Florida Court of Appeals, First District
Jul 19, 2023
No. 1D20-3318 (Fla. Dist. Ct. App. Jul. 19, 2023)

Opinion

1D20-3318

07-19-2023

Edward and Linda Huck, Appellants, v. Kenmare Commons Homes Association, Inc., Charlene Estes, Dorothy Feazell, Celeste Rosso, Tom Dearing, Ziomara Sawyer, and Connie Hill, Appellees.

David J. Fredericks of Anderson, Givens & Fredericks, P.A., Tallahassee, for Appellants. William D. Hall, III of Dean Mead & Dunbar, Tallahassee, for Appellees.


Not final until disposition of any timely and authorized motion under Fla. R. App. P. 9.330 or 9.331.

On appeal from the Circuit Court for Leon County. Angela C. Dempsey, Judge.

David J. Fredericks of Anderson, Givens & Fredericks, P.A., Tallahassee, for Appellants.

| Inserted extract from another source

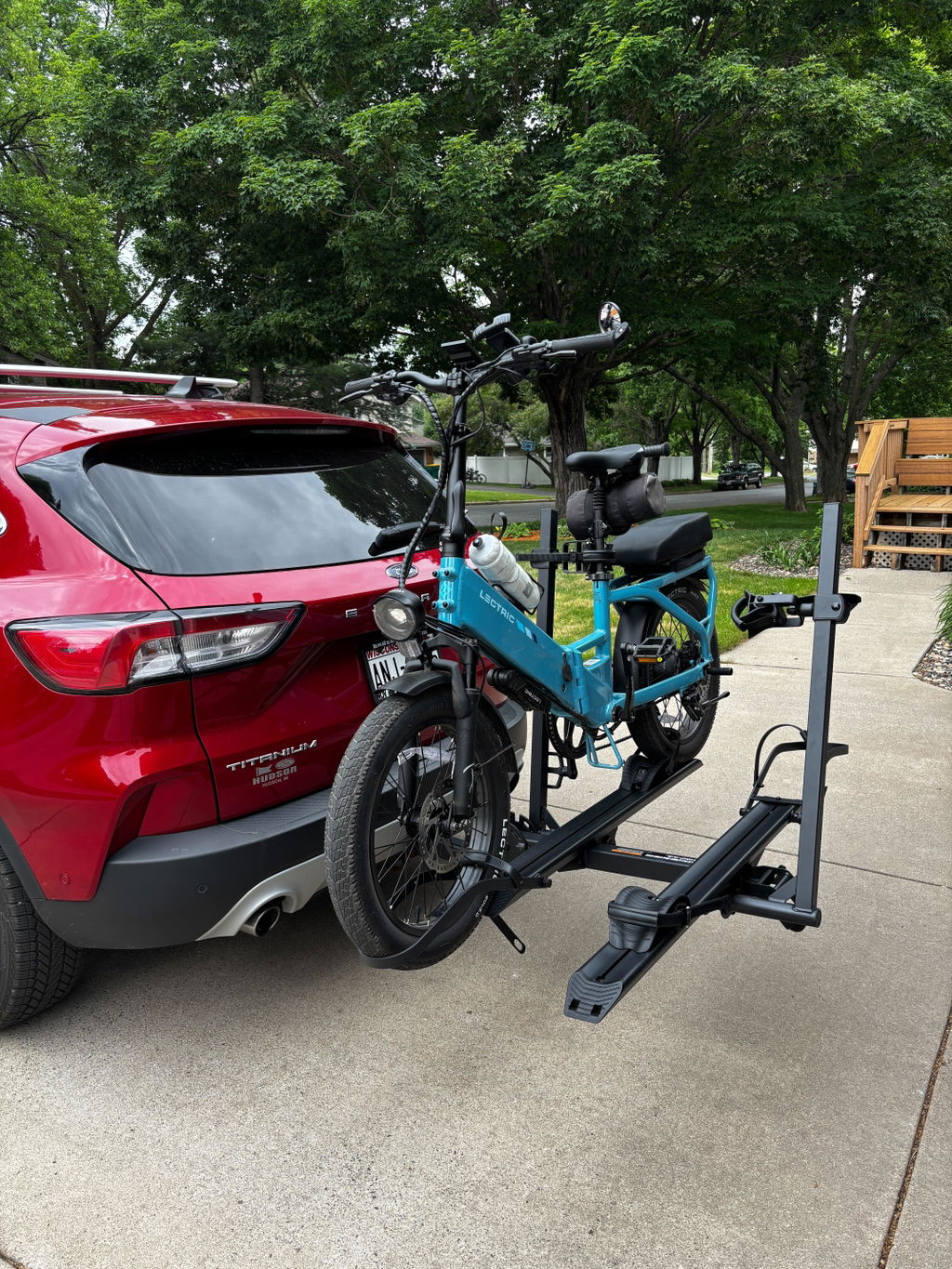 2-Bike Hitch E-Bike Rack with Ramp, Easy Fold and Tilt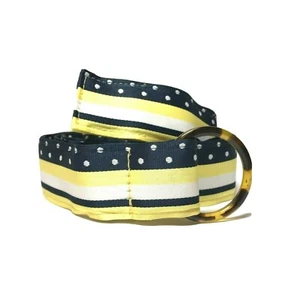 J. Cintura donna Crew media giallo blu nastro righe pois anello D casual - Foto 1 di 7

William D. Hall, III of Dean Mead & Dunbar, Tallahassee, for Appellees.

TANENBAUM, J.

Edward and Linda Huck live in the Kenmare Commons neighborhood of Tallahassee. Edward is in his seventies, disabled, and in need of the assistance of a round-the-clock, in-home caregiver. The caregiver in turn needs a car to get to the job. A public road runs through the neighborhood and in front of the Hucks' house, and the caregiver routinely parks there. The appellees-some neighbors and their homeowners' association, Kenmare Commons Homes Association, Inc. ("KCHA")-sued to stop this practice based on a street-parking limitation contained in the recorded covenants and restrictions governing the neighborhood, which they contend is enforceable against the Hucks. The trial court rendered summary judgment in favor of the plaintiffs who moved for it-all but KCHA and Celeste Rosso- and effectively dismissed as moot the complaint as to the two nonmoving plaintiffs. In that judgment, the trial court declared that the Hucks violated the parking limitation and enjoined them and their guests from parking on the public street for "sustained, permanent, or regular periods of time." The Hucks assert several grounds for reversal, and we accept one: Because the developer made the road public by turning it over to the City of Tallahassee, the covenant regarding parking does not bind the Hucks. We reverse and direct that the trial court dismiss the complaint with prejudice.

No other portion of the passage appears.